Après l’installation des notables élus sur toutes les collines et tous les quartiers pour continuer les activités qui étaient traditionnellement dévolues aux Bashingantahe investis, l’opinion est en droit d’être éclairée, avec méticulosité, pour qu’elle puisse cerner les enjeux d’un processus conduit en douceur pendant presque deux décennies. 

« Les fonctions des notables investis cesseront sur tout le territoire du Burundi dès la prestation de serment des membres des conseils des notables des collines élus ». Cette décision du ministre de l’Intérieur est de nature hautement historique. Elle met officiellement fin au rôle consacré dans l’Accord d’Arusha pour la paix et la réconciliation au Burundi d’Août 2000 (voir prot. II, chap. I, art.9, alinéa 8), qui était jusque-là dévolu aux Bashingantahe investis : l’arbitrage du tertre, appelé intahe yo ku mugina

Pour appréhender le processus du démantèlement et de marginalisation d’une institution multiséculaire, aussi vieille que le Burundi lui-même, car ayant été inaugurée par le premier roi, Ntare Rushatsi Cambarantama, fondateur du royaume du Burundi dont le nom a été donné au Palais présidentiel de Bujumbura, revenons d’abord sur cinq dates cruciales dans cet aboutissement. 

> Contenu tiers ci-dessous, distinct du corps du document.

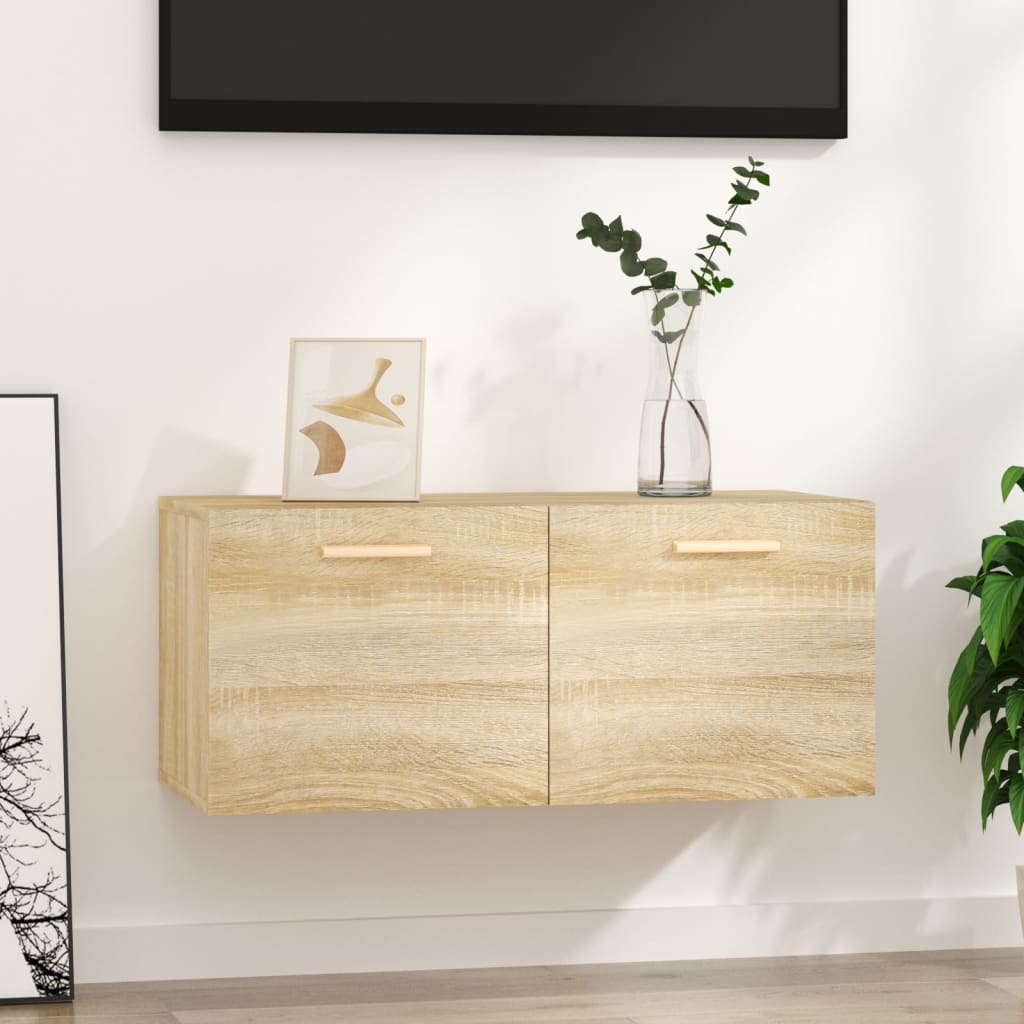 Ντουλάπι Τοίχου Sonoma Δρυς 80x35x36,5 εκ. Επεξεργασμένο Ξύλο - Pakobazaar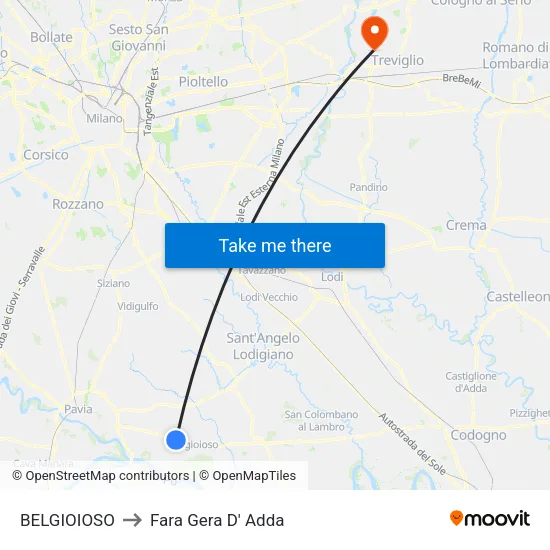 BELGIOIOSO to Fara Gera D' Adda map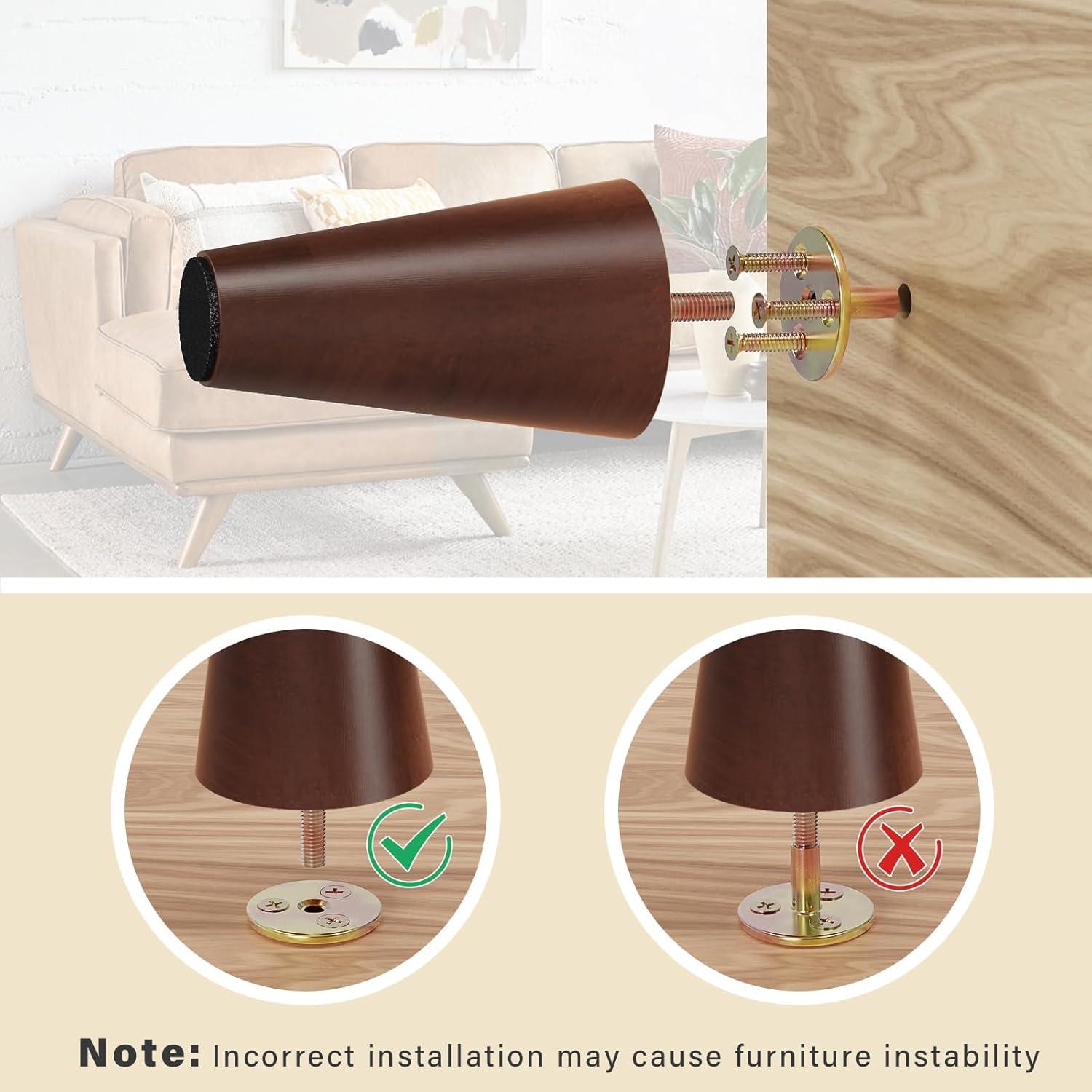 Patas de Muebles GOSCHE 30.48 cm Madera Nogal Juego de 4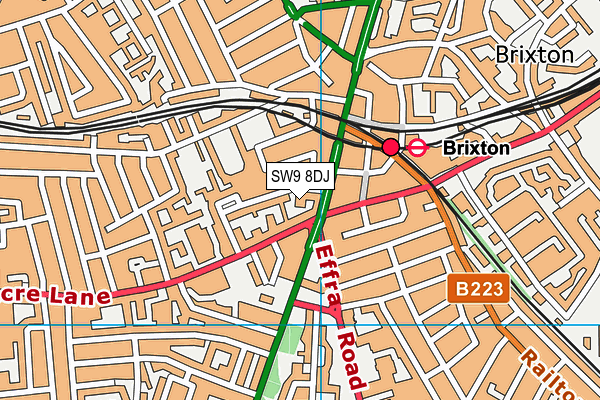 SW9 8DJ map - OS VectorMap District (Ordnance Survey) SW9 8DJ map - OS VectorMap District (Ordnance Survey)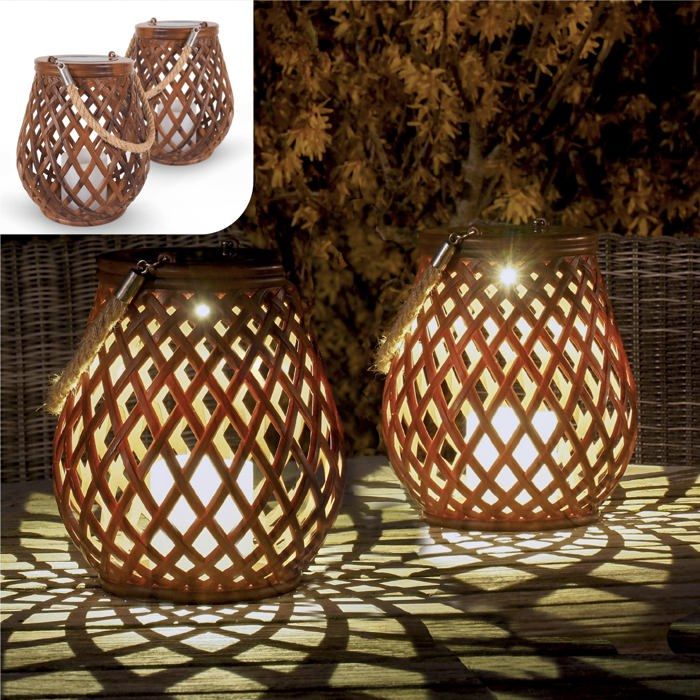 Lot de 2 lanternes solaires dextérieur - Lampes LED effet rotin pour jardin terrasse et balcon lampes de table solaires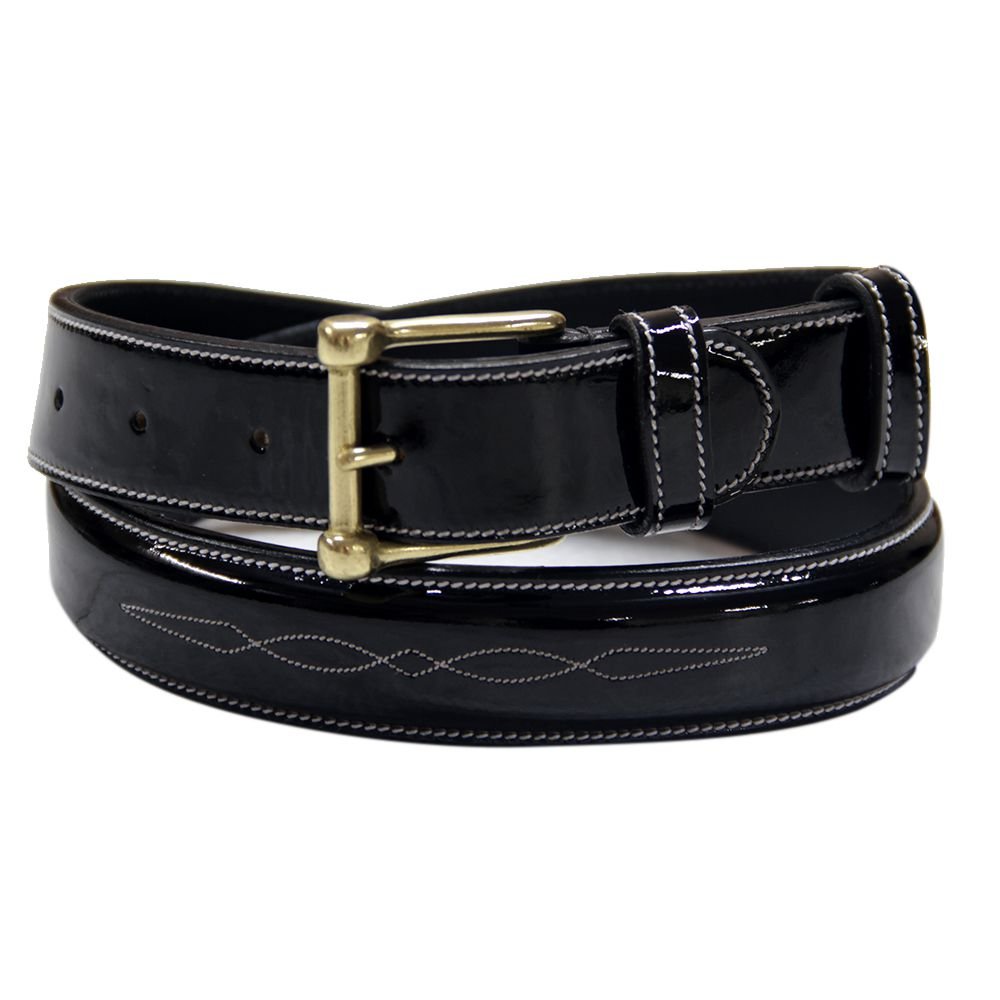 Equiluxe Glossy Leather Fancy Stitched Belt - Equiluxe Tack - Equiluxe Tack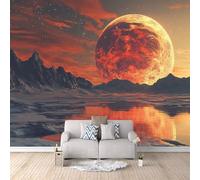 XLMING Creativo Planeta Rojo Universo Cielo Estrellado 3D Papel Pintado Pared Premium Textura Seda Estudio Comedor Vinilos Dormitorio Sofás TV Cocina-350cm×256cm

2010 : Des jalons de la mise au placard des Bashingantahe investis sont plantés, du moins sur le plan légal. La loi communale du 25 janvier 2010 en révision de celle du 20 avril 2005 les exclut purement et simplement des instances de justice sur les collines et des quartiers. Dans la première loi décrétée à l’époque du gouvernement de transition, il est stipulé à l’article 37, alinéa 2, que le conseil de colline ou de quartier, sous la supervision du chef de colline ou de quartier, a pour mission « d’assurer, sur la colline ou au sein du quartier, avec les Bashingantahe de l’entité, l’arbitrage, la médiation, la conciliation ainsi que le règlement des conflits de voisinage ». En revanche, le législateur a supprimé, dans la révision intervenue en 2010, le passage ci-haut en gras. L’article 36, en son point 2, souligne que le conseil de colline ou de quartier, sous la supervision du chef de colline ou de quartier, a pour mission « d’assurer, sur la colline ou au sein du quartier, l’arbitrage, la médiation, la conciliation ainsi que le règlement des conflits de voisinage ». De même, cette éviction des Bashingantahe du droit positif sera rééditée dans la loi communale du 28 novembre 2014 tout comme dans la loi organique du 19 février 2020. 

Néanmoins, la flamme de l’intahe ne s’éteint pas pour autant sur les collines et les quartiers du Burundi. En effet, les autorités n’ont pas anticipé le remplacement des Bashingantahe investis. En fin de compte, le gouvernement choisira de leur laisser cette charge dont ils n’ont pas prévu les continuateurs.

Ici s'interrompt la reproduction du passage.